Beyond that, the Court gave weight to the fact that “the data a user views on many modern cell phones may not in fact be stored on the device itself,” but rather in the “cloud.” The Court deemed the United States to “concede that the search incident to arrest exception may not be stretched to cover search of files accessed remotely” but asserted that police “would not typically know whether the information they are viewing was stored locally at the time of arrest or has been pulled from the cloud.” Down the road, this part of the Court's analysis may be cited as representing a departure from the traditional position that an individual has little protectable privacy interest in information the individual has voluntarily provided to a third party.
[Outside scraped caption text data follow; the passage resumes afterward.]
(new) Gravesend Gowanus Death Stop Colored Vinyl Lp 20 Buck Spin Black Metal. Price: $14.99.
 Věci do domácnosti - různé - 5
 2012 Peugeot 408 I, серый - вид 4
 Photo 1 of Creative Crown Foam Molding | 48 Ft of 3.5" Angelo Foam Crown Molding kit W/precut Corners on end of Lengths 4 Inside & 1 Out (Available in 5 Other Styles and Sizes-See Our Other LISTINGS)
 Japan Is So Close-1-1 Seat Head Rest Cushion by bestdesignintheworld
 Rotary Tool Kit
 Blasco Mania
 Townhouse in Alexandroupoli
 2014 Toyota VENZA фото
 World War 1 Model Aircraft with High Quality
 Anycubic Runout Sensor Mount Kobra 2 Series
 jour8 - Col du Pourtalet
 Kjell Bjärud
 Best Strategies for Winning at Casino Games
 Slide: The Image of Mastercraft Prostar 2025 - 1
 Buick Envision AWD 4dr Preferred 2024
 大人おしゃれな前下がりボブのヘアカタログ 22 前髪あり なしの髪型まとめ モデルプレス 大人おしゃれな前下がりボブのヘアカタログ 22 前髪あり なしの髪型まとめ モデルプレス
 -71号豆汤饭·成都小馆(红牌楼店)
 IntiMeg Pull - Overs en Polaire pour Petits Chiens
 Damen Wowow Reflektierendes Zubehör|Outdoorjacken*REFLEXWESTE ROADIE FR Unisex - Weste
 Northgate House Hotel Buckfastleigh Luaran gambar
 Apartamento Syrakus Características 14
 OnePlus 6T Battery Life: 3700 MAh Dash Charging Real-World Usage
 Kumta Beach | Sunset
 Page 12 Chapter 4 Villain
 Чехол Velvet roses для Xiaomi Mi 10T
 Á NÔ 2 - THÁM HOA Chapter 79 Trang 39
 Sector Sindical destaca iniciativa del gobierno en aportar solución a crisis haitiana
The United States and/or California advocated several fallback rules that might apply if the Court denied their preferred right to search all cell phone data incident to an arrest. The Court expressly rejected four of those. Authorizing a warrantless search “whenever it is reasonable to believe that the phone contains evidence of the crime of arrest” was rejected as in practice giving “police officers unbridled discretion to rummage at will.” Restricting the search “to those areas of the phone where an officer reasonably believes that information relevant to the crime, the arrestee's identity, or officer safety” was also rejected as imposing “few meaningful constraints on officers.” Officer freedom “to search a phone's call log” was rejected because “call logs typically contain more than just phone numbers,” such as “the label ‘my house' in Wurie's case.” The proposal that “officers could search cell phone data if they could have obtained the same information from a pre-digital counterpart” was rejected because of the quantitative difference between one photo in a wallet and “thousands of photos in a digital gallery,” and because such a test would “launch courts on a difficult line-drawing expedition to determine which digital files are comparable to physical records.”
Chief Justice Roberts concluded his opinion by recalling the “general warrants” that “allowed British officers to rummage through homes in an unrestrained search for evidence of criminal activity” and how resentment of that practice had contributed to the Revolution. The fact that technology now allows Americans to carry “the privacies of life” in their hands “does not make the information any less worthy of the protection for which the Founders fought.” Accordingly, the Court's message to the police was “simple—a warrant.”